Set down without change every line from the line that contains "[中华特色]双江扶贫馆 丝路荟 茗鼎勐库古树普洱生茶357g 云南双江" through the end of the listing, and only those lines. No pictures.

Supplied data
# # # # #

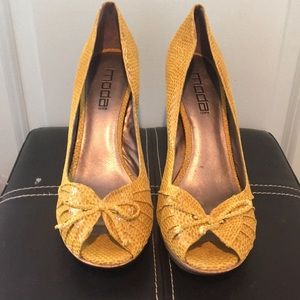 Gold Moda open toe heels size 11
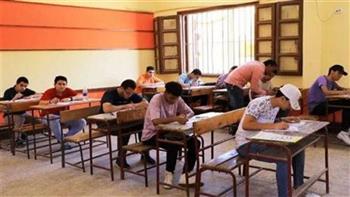 طلاب الثانوية العامة يؤدون امتحاني اللغة الأجنبية الثانية والتربية الوطنية «دور ثان»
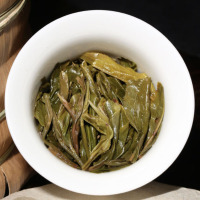 [中华特色]双江扶贫馆 丝路荟 茗鼎勐库古树普洱生茶357g 云南双江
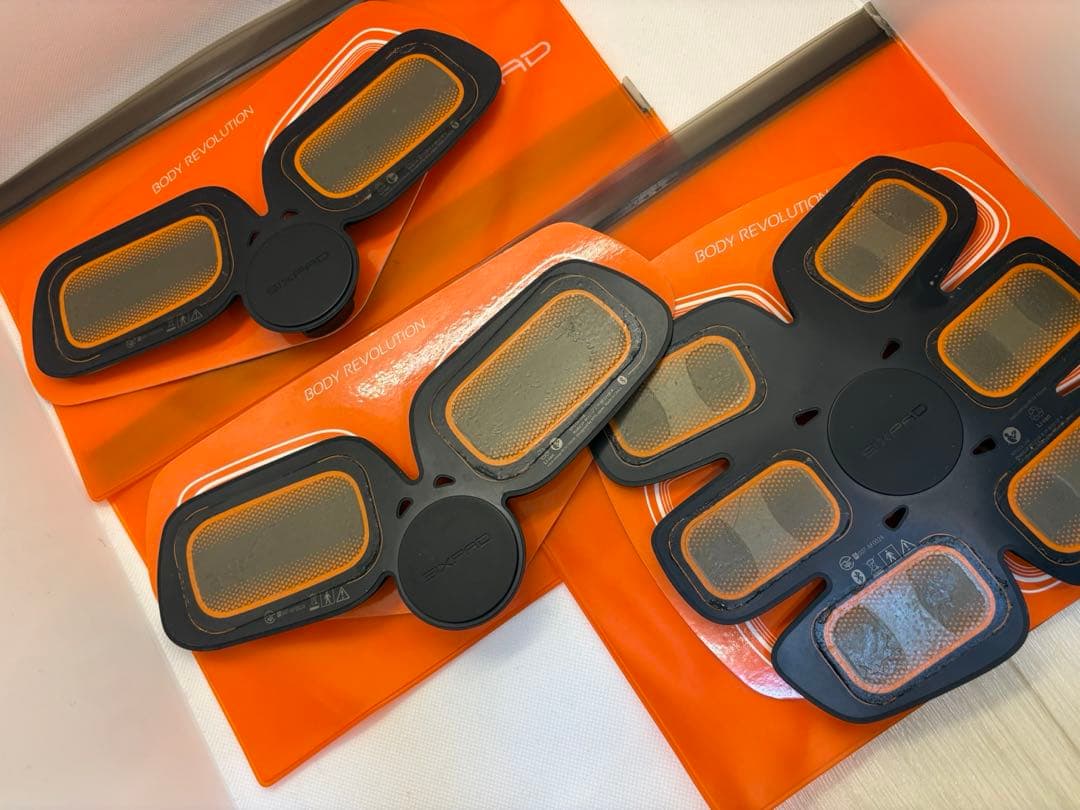 【月末大セール】【美品】充電式SIXPAD アブズフィット2+ボディフィット2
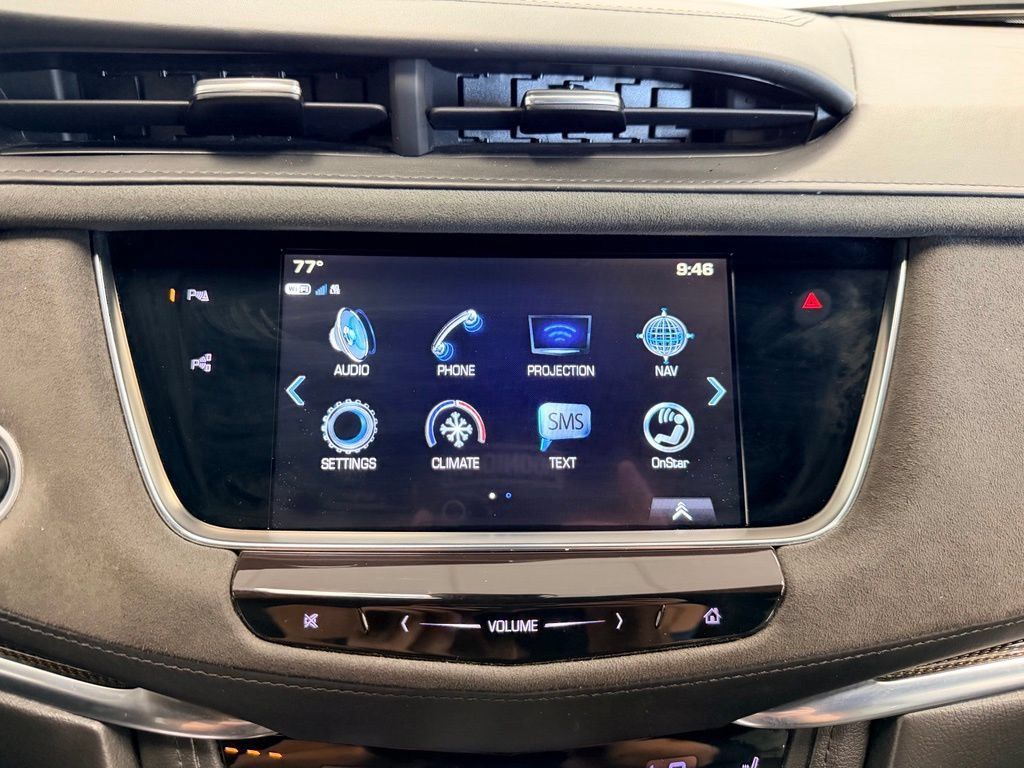 Used 2018 Cadillac XT5 Platinum w/ Driver Assist Package AWD/4WD image 12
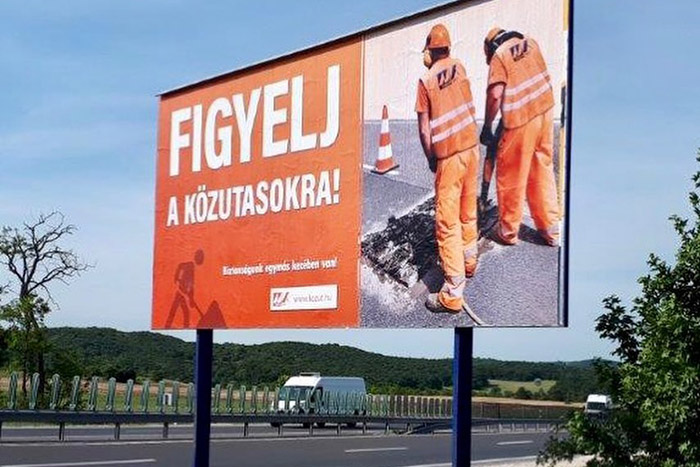 Plakátokkal próbálják megóvni a közutasok életét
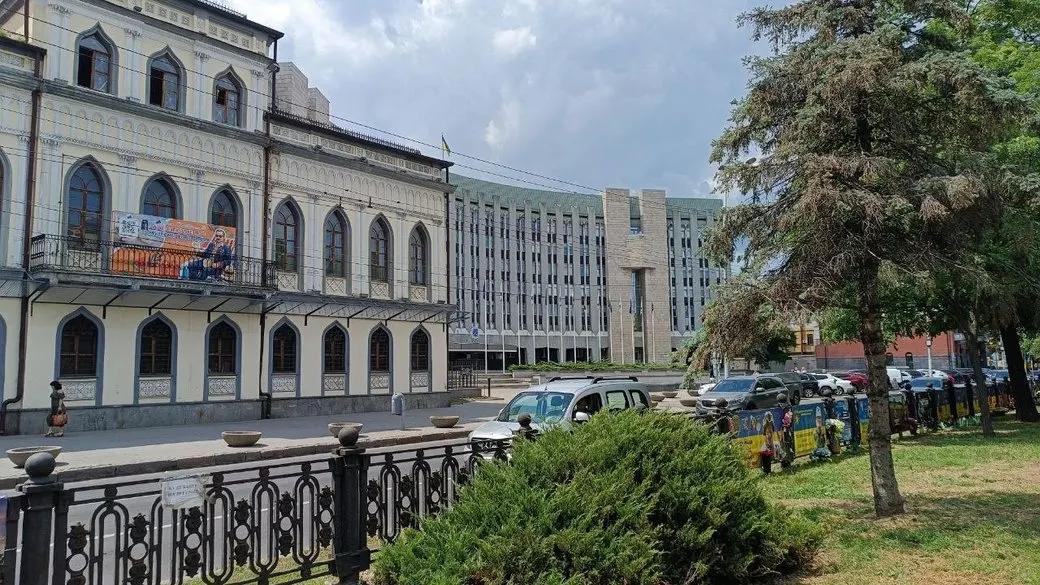 Атаки РФ на Дніпропетровщину: поранений, пошкоджені дитсадок та житло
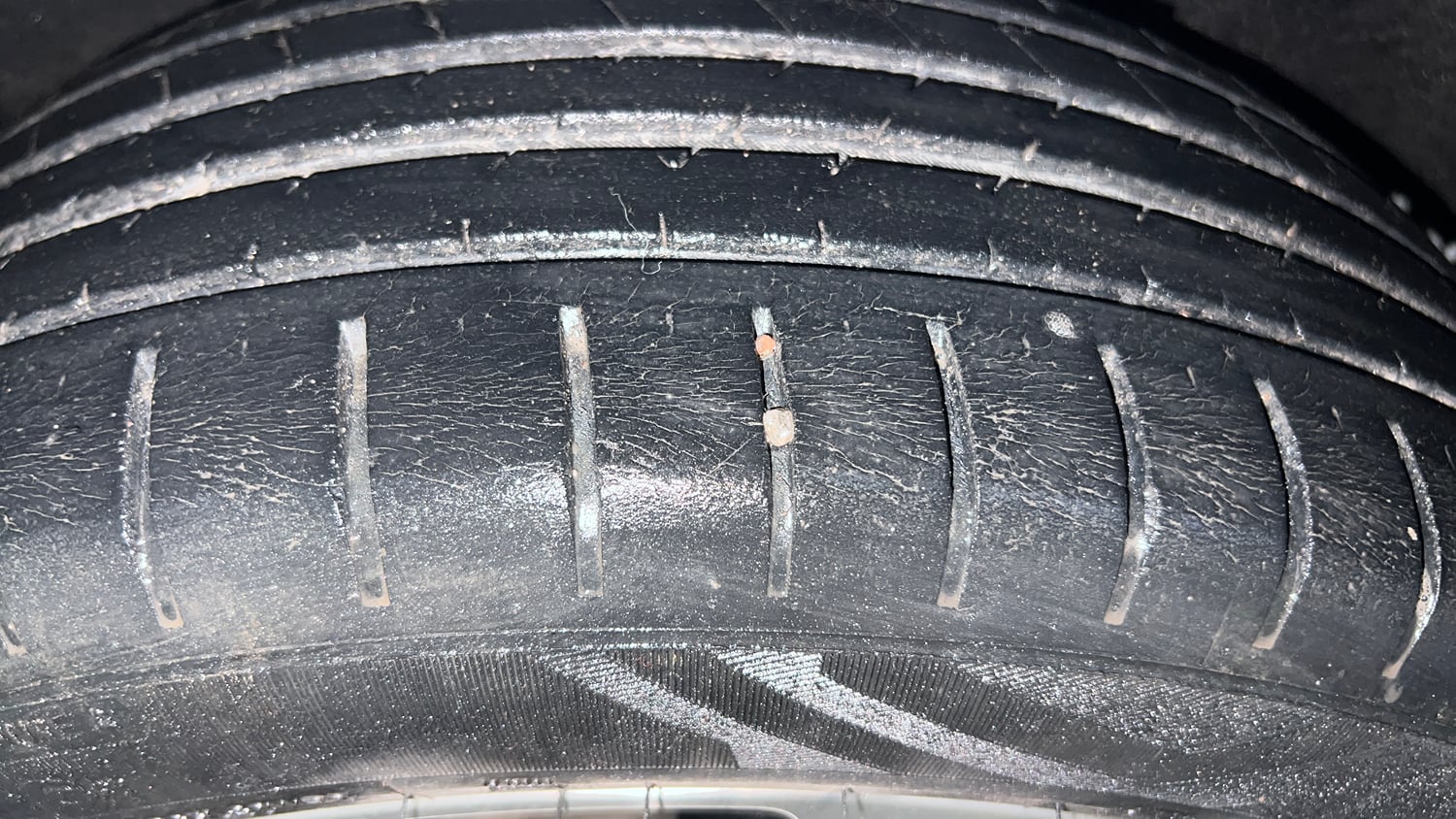 Used 2019 Maruti Suzuki Baleno Zeta Petrol Manual tyres LEFT REAR TYRE TREAD VIEW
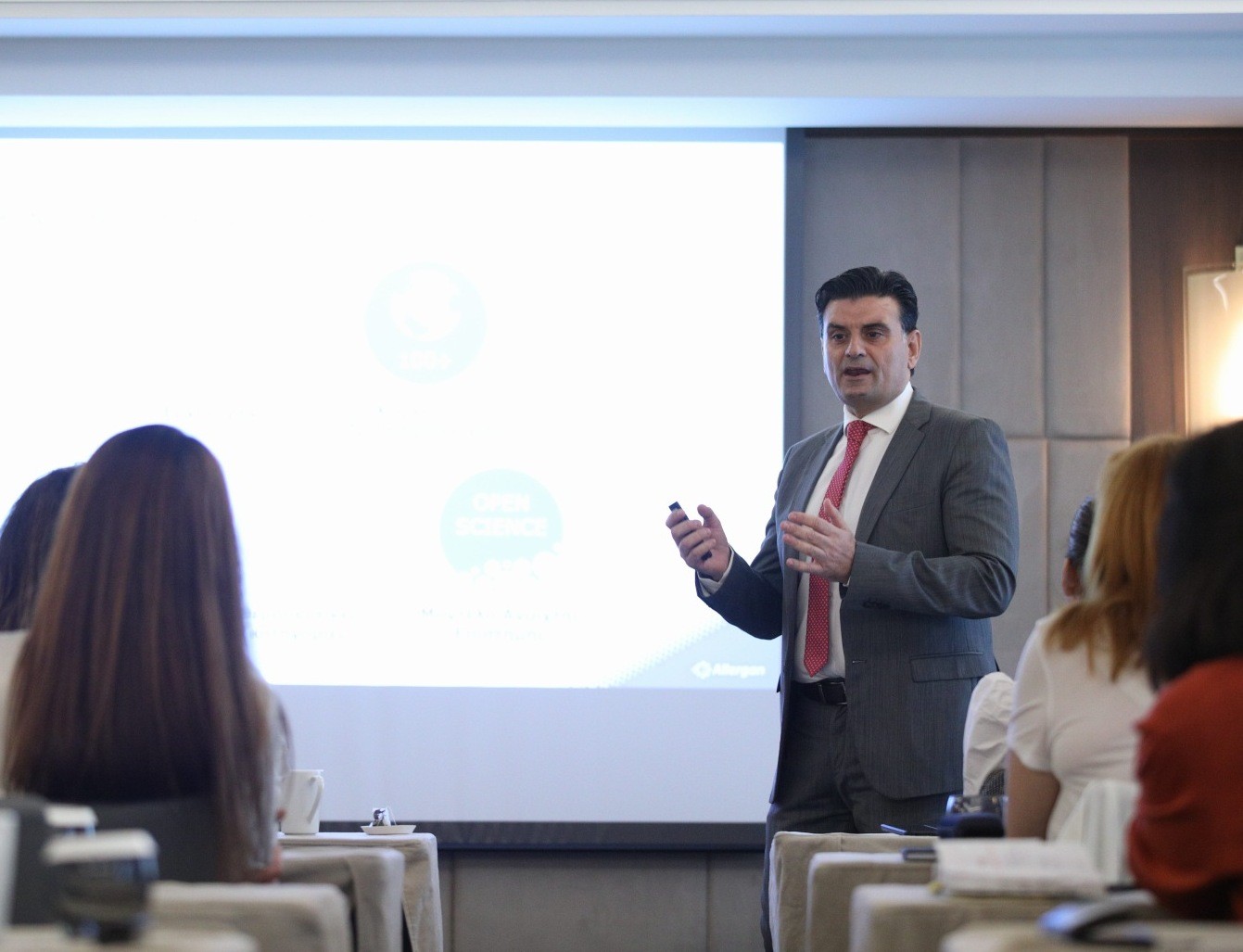 Ι. Μπεσσής (Allergan): Τεράστιες οι προοπτικές της εξαγοράς από την Abbvie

# # # # #

Problem solution
 [中华特色]双江扶贫馆 丝路荟 茗鼎勐库古树普洱生茶357g 云南双江
 【月末大セール】【美品】充電式SIXPAD アブズフィット2+ボディフィット2
 Used 2018 Cadillac XT5 Platinum w/ Driver Assist Package AWD/4WD image 12
 Plakátokkal próbálják megóvni a közutasok életét
 Атаки РФ на Дніпропетровщину: поранений, пошкоджені дитсадок та житло
 Used 2019 Maruti Suzuki Baleno Zeta Petrol Manual tyres LEFT REAR TYRE TREAD VIEW
 Ι. Μπεσσής (Allergan): Τεράστιες οι προοπτικές της εξαγοράς από την Abbvie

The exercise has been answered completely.